**DATA PROVIDED**
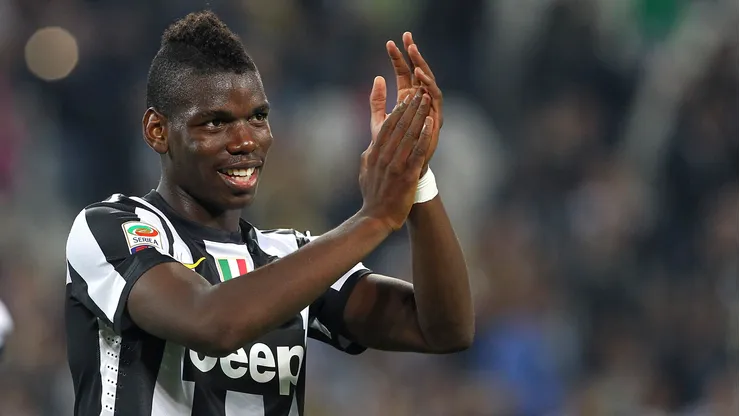 TURIN, ITALY – SEPTEMBER 22: Paul Pogba of FC Juventus salutes the crowd at the end of the Serie A match between FC Juventus v AC Chievo Verona at Juventus Arena on September 22, 2012 in Turin, Italy. (Photo by Marco Luzzani/Getty Images)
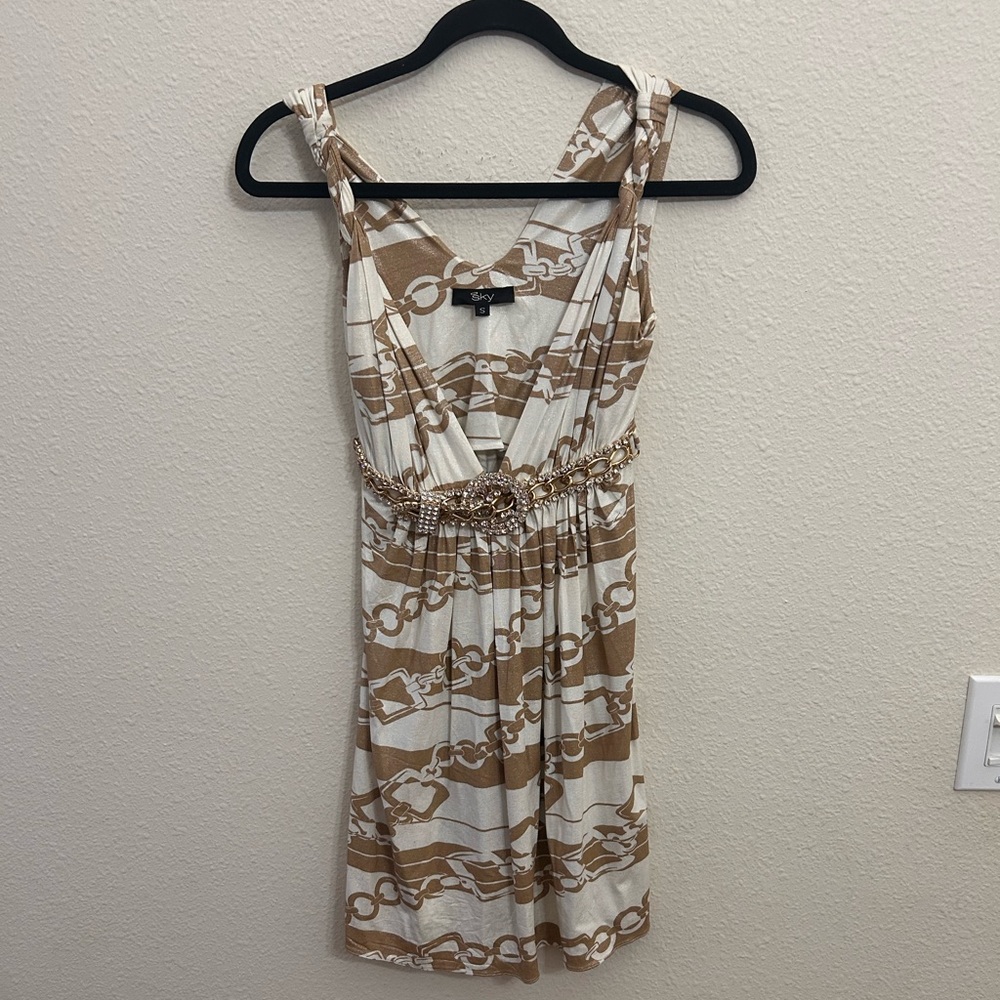 NWOT. Sky gold dress with rhinestone stone belt embellishment.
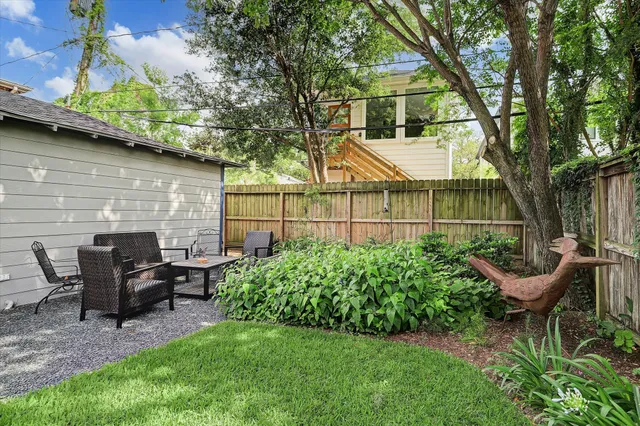 a view of a chair and table in backyard of the house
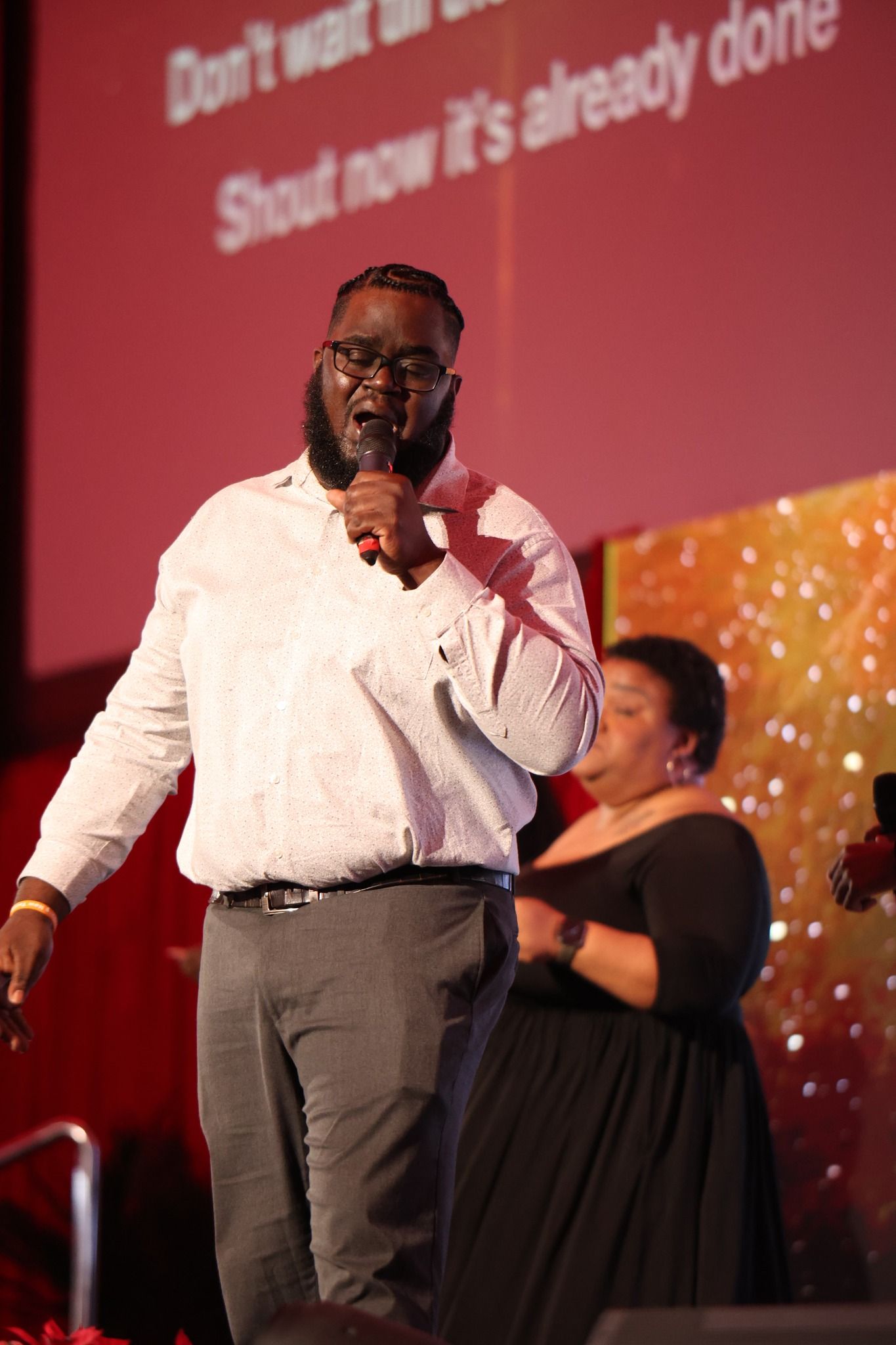 Man speaking into a microphone on stage, with a seated woman and a red backdrop behind him.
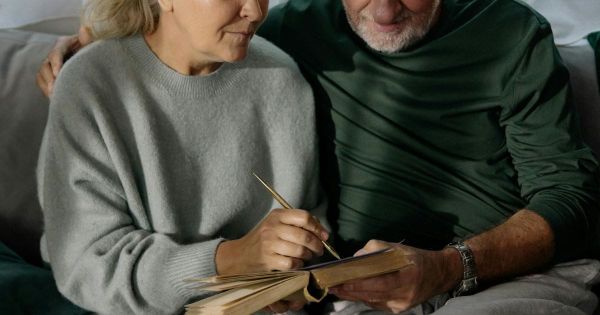 Older couple sitting close together on couch as woman writes in notebook suggesting intentional planning and partnership
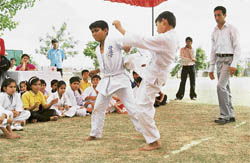 Karatekas in action during the Open Punjab State Karate Championship being played at Saraswati Modern School in Ludhiana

**TASK TO CARRY OUT**
Leave out all pictures and retype precisely the lines that run from the line containing "a view of a" to the last line of the records.

**RESULT OF THIS TASK**
 a view of a chair and table in backyard of the house
 Man speaking into a microphone on stage, with a seated woman and a red backdrop behind him.
 Older couple sitting close together on couch as woman writes in notebook suggesting intentional planning and partnership
 Karatekas in action during the Open Punjab State Karate Championship being played at Saraswati Modern School in Ludhiana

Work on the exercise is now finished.